By Jeff Murphy, November 6, 2023
Treyton Culp, a University of Central Missouri freshman Aviation-Professional Pilot major from Rolla, Missouri, takes a turn behind the controls of the virtual reality flight simulator, Spirit of St. Louis, which will be used to help to re-create virtually the first transcontinental air race.
WARRENSBURG, MO – “The Great Air Race: Glory, Tragedy and the Dawn of American Aviation,” is a recent book by journalist and amateur pilot John Lancaster about America’s famous 1919 transcontinental air race. The story of that race has inspired a group of University of Central Missouri aviation students and their faculty advisor to develop a virtual re-creation of the groundbreaking, cross-country flight that captured the world’s attention over 100 years ago. The virtual re-creation is intended to bring renewed awareness to this piece of trailblazing American history while also raising funds to support student activities.

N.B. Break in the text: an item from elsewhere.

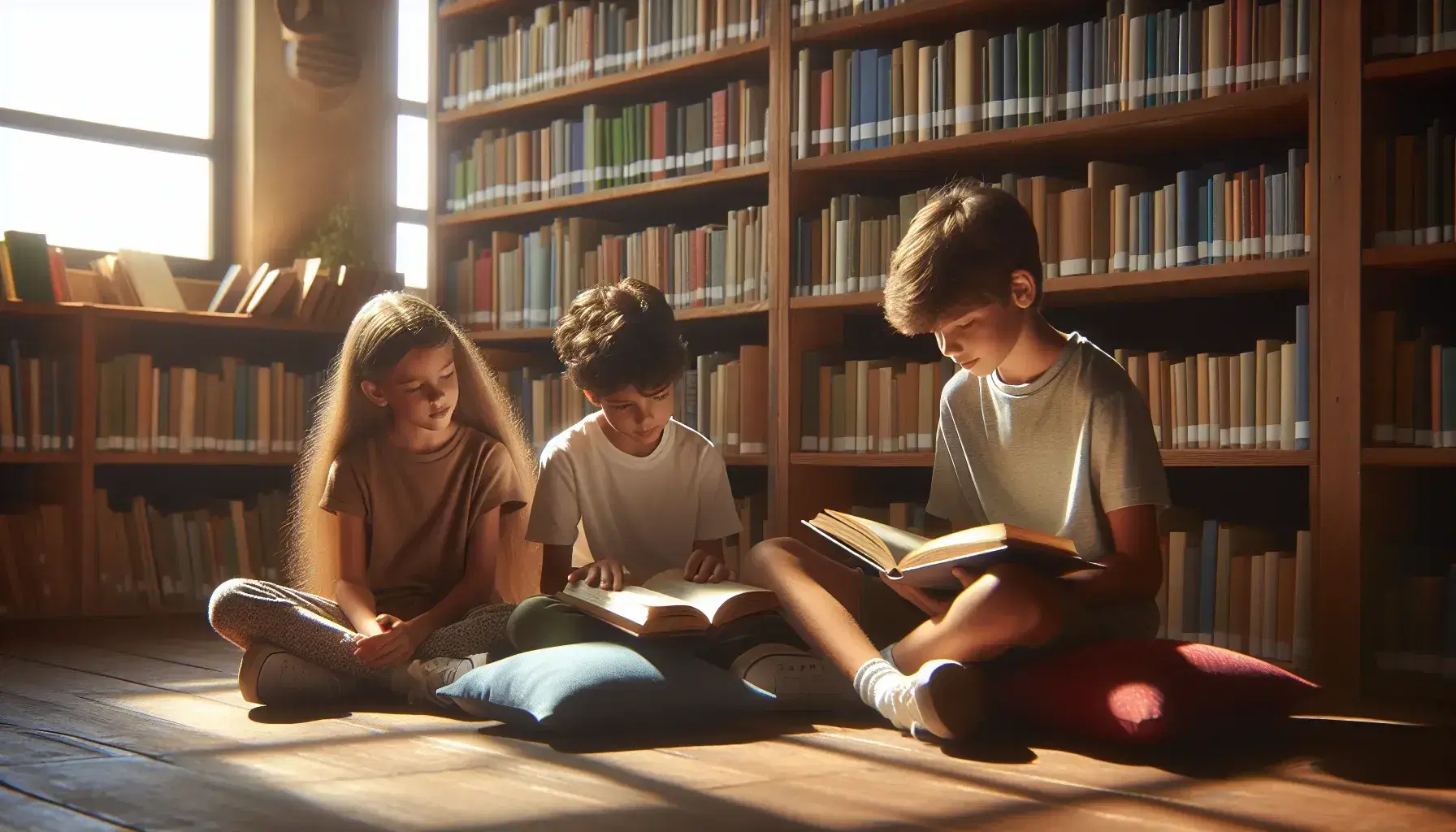 Niños leyendo un libro juntos en el suelo de una biblioteca, rodeados de estanterías llenas de libros y luz natural.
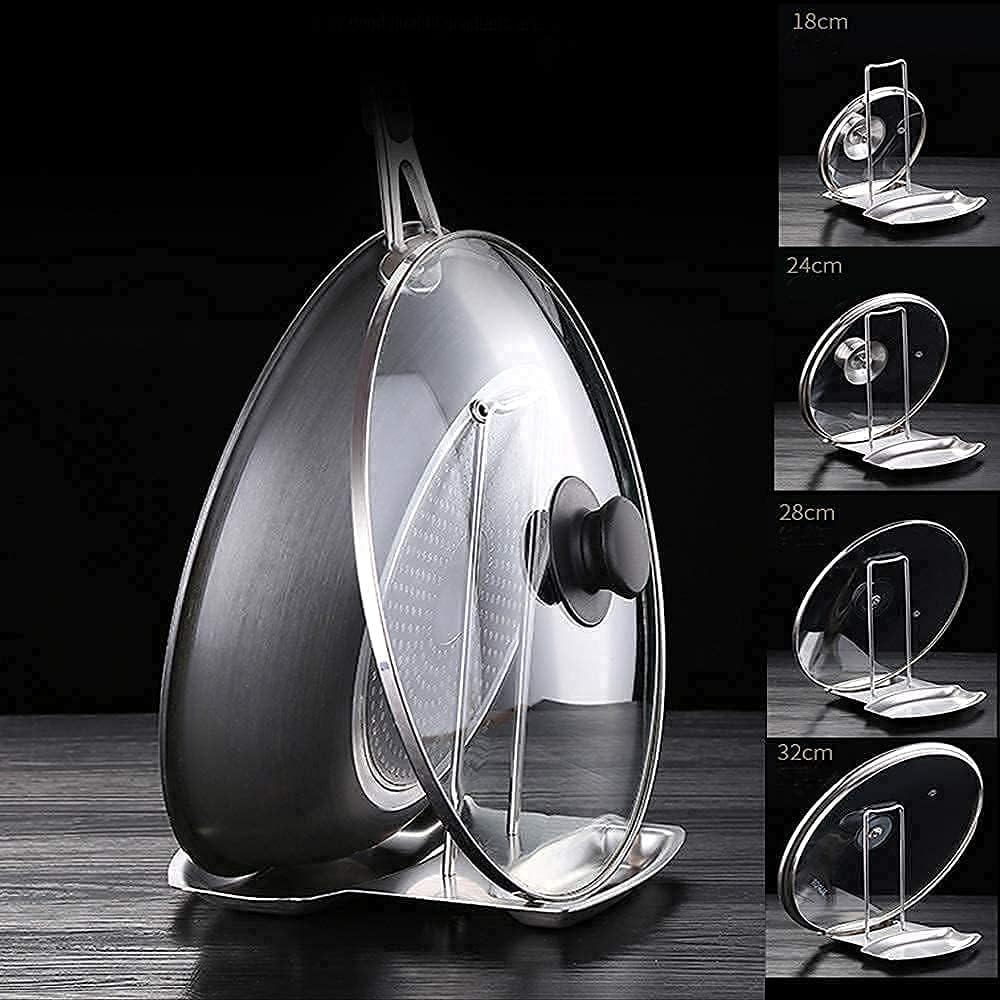(Holder) - iPstyle Pan Lid Holder for Pots and Pans Progressive Lid and Spoon Rest Shelf 304 Stainless Steel Pan Lid Organiser Kitchen Decor Tool (Holder)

David Jupp, assistant professor in the UCM Department of Aviation, recently met with representatives of four aviation student groups to plan the event, Jan. 14-20, 2024, leveraging flight simulation equipment in the Virtual Reality lab at the T.R. Gaines Technology Building. Student groups involved will begin seeking funds from individual donors in November.
Contributions will be based on financial support for virtual fuel vouchers that would cover the estimated per-gallon cost of fuel (at today’s prices) to fly a single-engine airplane from Long Island, New York to San Francisco, California. Fuel use is calculated virtually by the flight simulator, and it is estimated that at least 200 gallons of fuel will be needed to make the trip. Each team will seek to raise at least $1,000 to cover their fuel cost with contributions going to support student organization activities.
“If a group doesn’t get the full 200 gallons, they can start the race, but will only get as far as the fuel will take them,” Jupp said. “So, if a team is stranded in Omaha, for example, maybe someone could write them a check for whatever it takes to finish the race.”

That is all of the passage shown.